Would you set down the data that follows, word for word, without any pictures?
(Beginning of Excerpted data)
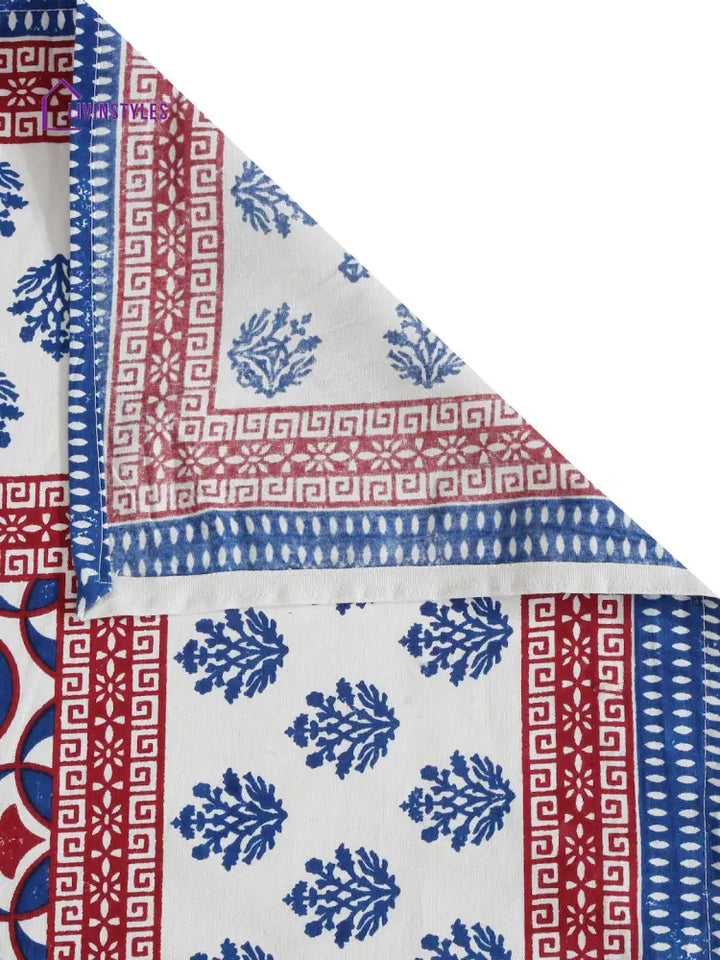 Rajasthan Decor White And Blue Floral Print Cotton King Bed Sheet With 2 Pillow Covers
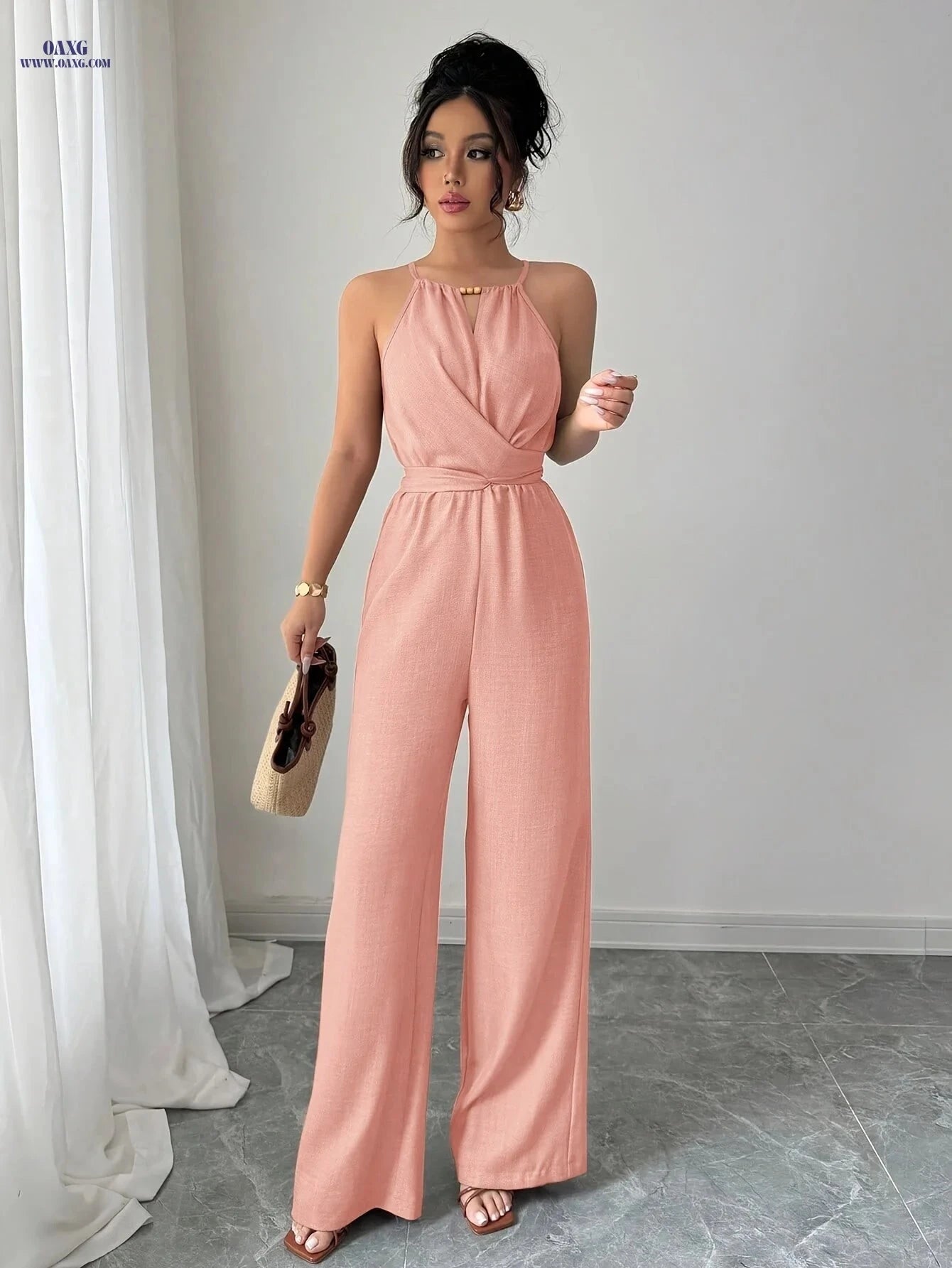 Women's Pleated Jumpsuit - Elegant Twisted Knot Design for Spring   OAXG 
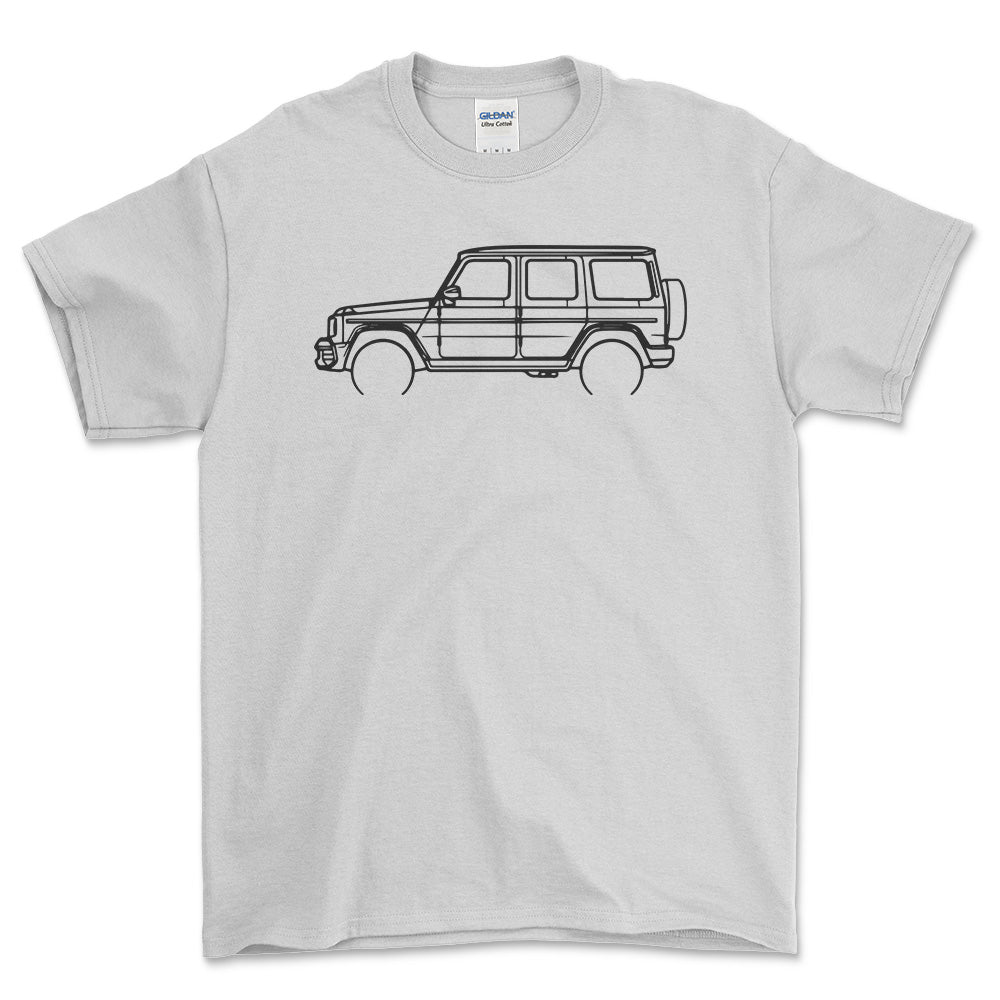 Mercedes G63 AMG Outline - Unisex T-Shirt , Bomuld-Beklædning-Mercedes-Hvid-S-Forside-Garage Culture Shop- garage - man cave - merchandise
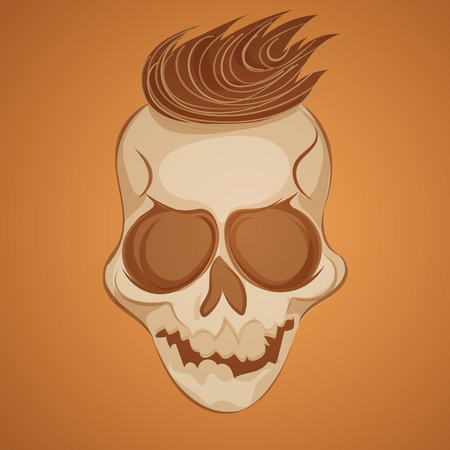 Hairy vintage skull poster, logo vector illustrationのイラスト素材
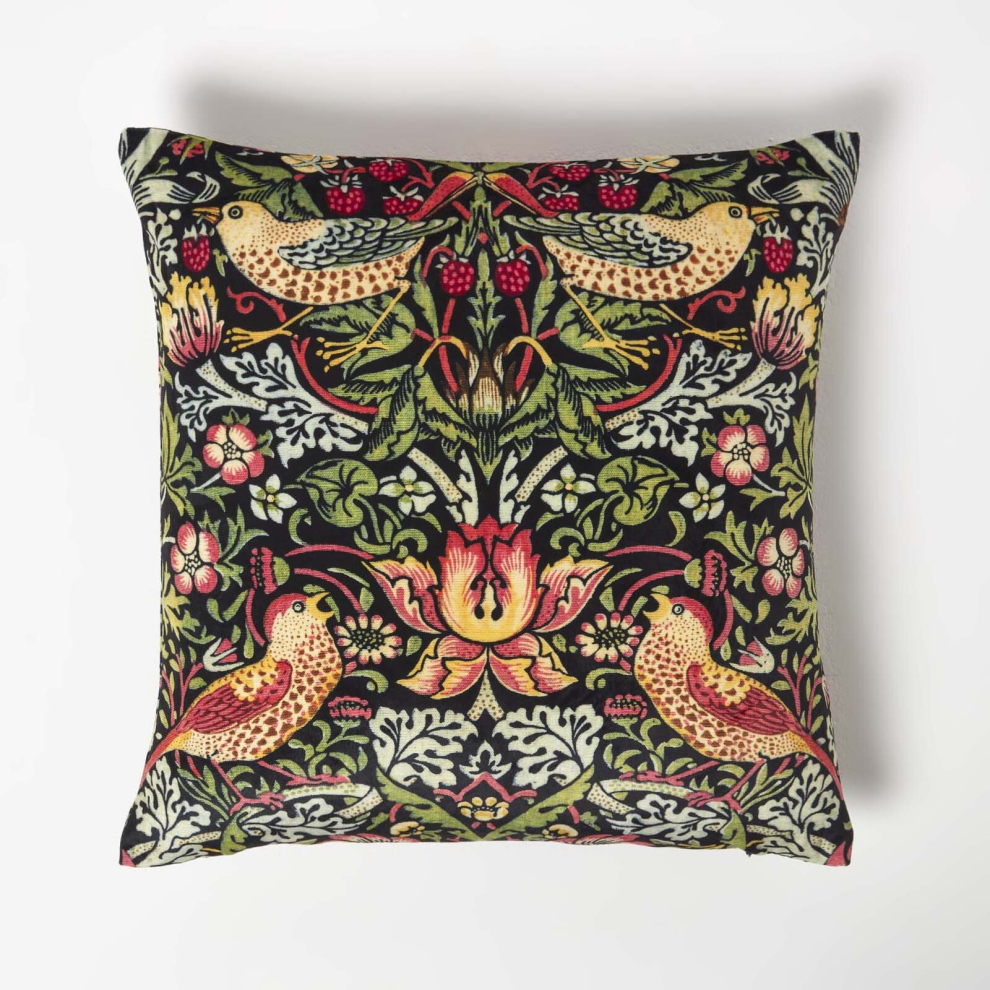 Homescapes (Black) Navy William Morris Strawberry Thief Velvet Cushion Blue,Black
(End of Excerpted data)
| Written solution |
 Rajasthan Decor White And Blue Floral Print Cotton King Bed Sheet With 2 Pillow Covers
 Women's Pleated Jumpsuit - Elegant Twisted Knot Design for Spring   OAXG 
 Mercedes G63 AMG Outline - Unisex T-Shirt , Bomuld-Beklædning-Mercedes-Hvid-S-Forside-Garage Culture Shop- garage - man cave - merchandise
 Hairy vintage skull poster, logo vector illustrationのイラスト素材
 Homescapes (Black) Navy William Morris Strawberry Thief Velvet Cushion Blue,Black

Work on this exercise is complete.